Panel at National Women’s Studies Association
November 10, 2016
Decolonizing Asian Reproduction in the Face of U.S. Sex Selective Abortion Bans
Rajani Bhatia
State University of New York,
University at Albany
This paper explores dislocation and recontextualization of the population control narrative and how it attaches to racialized bodies in the diaspora. In particular, sex selection narratives resurface with unexpected effects. U.S.-based reproductive justice campaigns, once concerned about the gender discriminatory impact of sex selection, are re-strategizing to combat anti-choice forces that rely on racialized rhetoric to promote bans on “sex selective” abortion. How can we undo the colonial imaginary of the savage (now sexist and racialized Asian) baby killer without thwarting feminist concerns about sex selection that are embedded in critiques of the abuses of population control?
Contraceptive Technologies as a Colonial Move: Pathologizing Reproduction in Senegal
Ellen E. Foley
Clark University
This paper argues that new contraceptives—touted as promoting empowerment—operate as a (re)colonizing of women’s bodies and selves. These technologies attempt to “rationalize” procreation and subject female bodies to pharmacological control without challenging the gender/sex orders that limit women’s bodily autonomy (Rubin 1975). The promotion of contraceptive innovations is an attempt to engage women in new forms of self-governance: the auto-regulation of fertility as a technology of the self (Foucault 1983). These themes are explored vis-à-vis the Sayana Press. I suggest that the “challenges” to a successful roll-out of Sayana Press in Senegal might be understood as (decolonial) resistance.

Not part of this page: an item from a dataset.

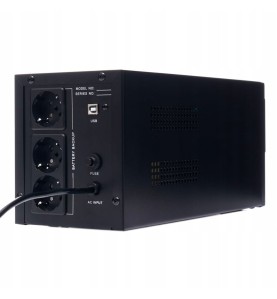 Tylny panel zasilacza awaryjnego UPS 1500VA KD1929 z gniazdami wyjściowymi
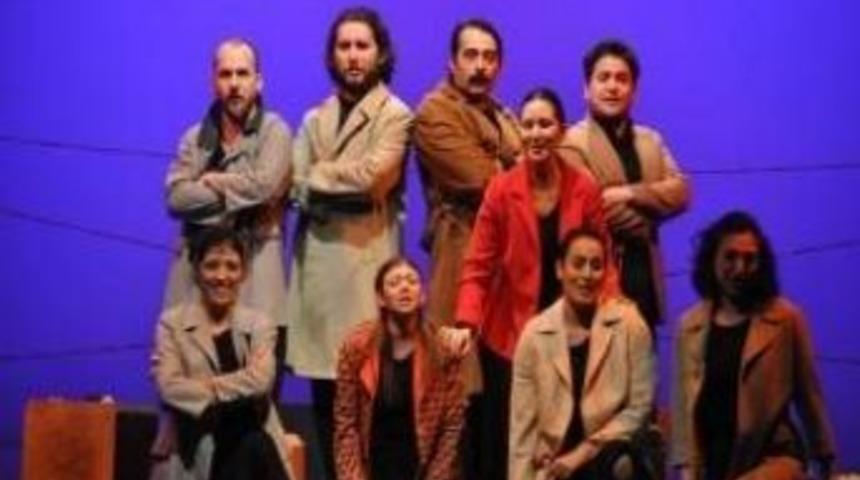 Tiyatro Anadolu'nun &Uuml;cretsiz Oyunları B&uuml;y&uuml;k İlgi G&ouml;rd&uuml;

Population Control is Not (just) History
Anne Hendrixson
Hampshire College
The claim that top-down, target-driven population control is history is common in current scholarly and policy discourses about sexual and reproductive health and rights. I argue that this claim is problematic because it discourages critical inquiry into population control as a present phenomenon and stymies challenges to it. Elements of population control persist in the present alongside human rights and women’s empowerment approaches. I will discuss two such manifestations of population control: 1) neo-Malthusian narratives in family planning and 2) technocratic family planning approaches that promote targets to disseminate long-acting reversible contraceptives.